Indiana

Education, From The Capitol To The Classroom

State Lawmakers Make A Few More Tweaks To Proposed Voucher Legislation

    Kyle Stokes / StateImpact Indiana

    Changes to proposed voucher legislation limit expansion to students living in the attendance zones of F schools.

    School choice advocates who had hoped for a big boost in the dollar amount of Indiana’s Choice Scholarship Program will have to settle for a $400 increase over the next two years.

    As voucher legislation left the Senate Thursday, the bill’s author, Rep. Bob Behning, R-Indianapolis, proposed an amendment lifting the cap from $4,500 to $4,700 next year and $4,900 in 2015. It’s significantly less than the $6,500 originally proposed in a bill that’s undergone many changes as it moved through the statehouse.

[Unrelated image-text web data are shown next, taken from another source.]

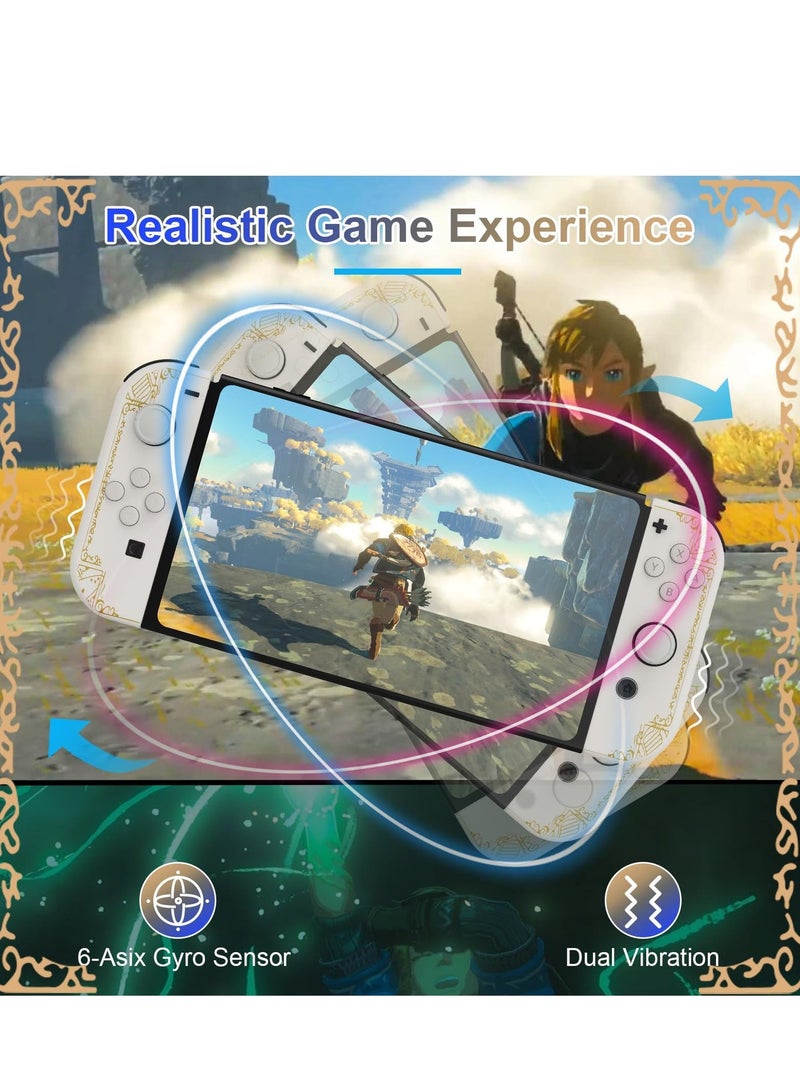 كاست ويف وحدة تحكم لاسلكية Joy Cons لجهاز Nintendo Switch، وحدة تحكم بديلة L/R متوافقة مع Nintendo Switch/Lite/OLED، عصا التحكم مع تنبيه/لقطة شاشة/اهتزاز مزدوج (أبيض) - Image 4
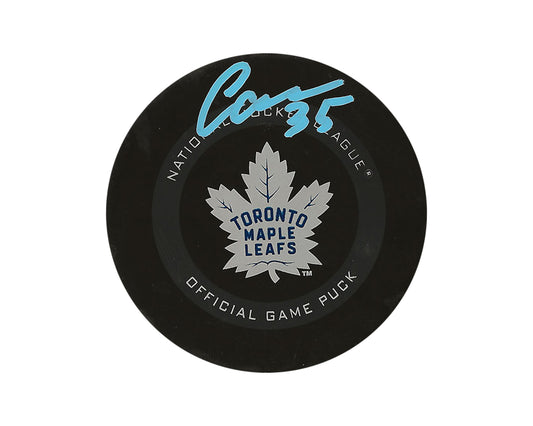 Ilya Samsonov Autographed Toronto Maple Leafs Official Game Puck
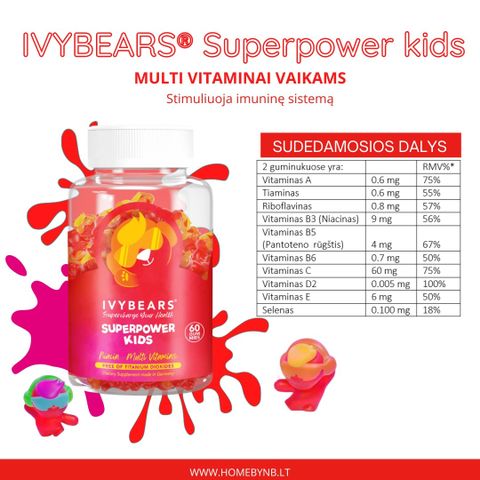 IVYBEARS Superpower kids multi vitaminer for barn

    At different points, the proposal has included provisions making siblings of participating students eligible for vouchers, increasing access for foster and military families and eliminating the public school requirement for incoming kindergarteners. But then the Senate Education Committee narrowed expansion to any student living in the attendance zone of a F school, a change Indiana Public Broadcasting‘s Brandon Smith reports Behning won’t fight:

    Rep. Behning says he doesn’t plan to address the attendance requirement after the Senate altered it.

    “I did not change any of the parameters they had in terms of that … they have already voted on what’s in the bill,” he says. “I’m not trying to ask them to revote on that issue.”

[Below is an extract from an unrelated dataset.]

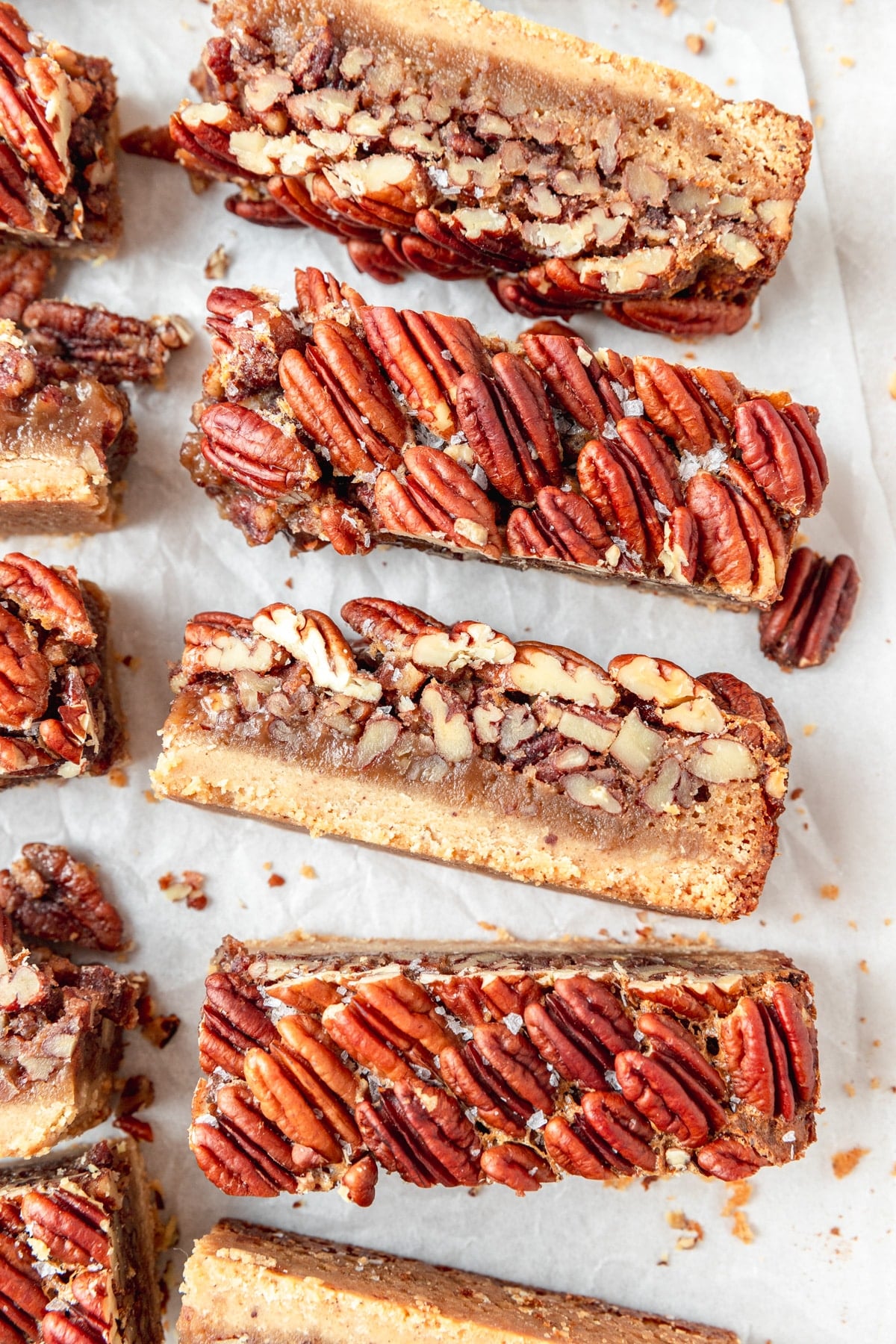 pecan pie cookie bars with shortbread crust.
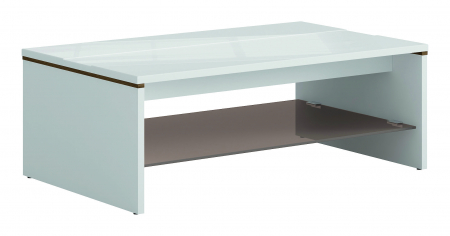 Azteca Masuta cafea LAW11, MDF culoare alb lucios, 110/65/40 cm. [2]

    The Senate passed the voucher expansion bill by only a two-vote margin. The bill’s senate sponsor, Doug Eckerty, R-Yorktown, says he anticipates another close vote.

    “We’ll have to take a look at it in its fiscal entirety, how everything all fits together, not just with this but with the budget as a whole, the governor’s tax cut proposal and things like that,” says Eckerty. “So it’s all going to have to go into the mix. Then we’re going to have to sort it all out.”

    Behning says it’s likely the state legislature will be asked to reconsider the public school attendance requirement in the future, as voucher expansion is a priority for Gov. Mike Pence.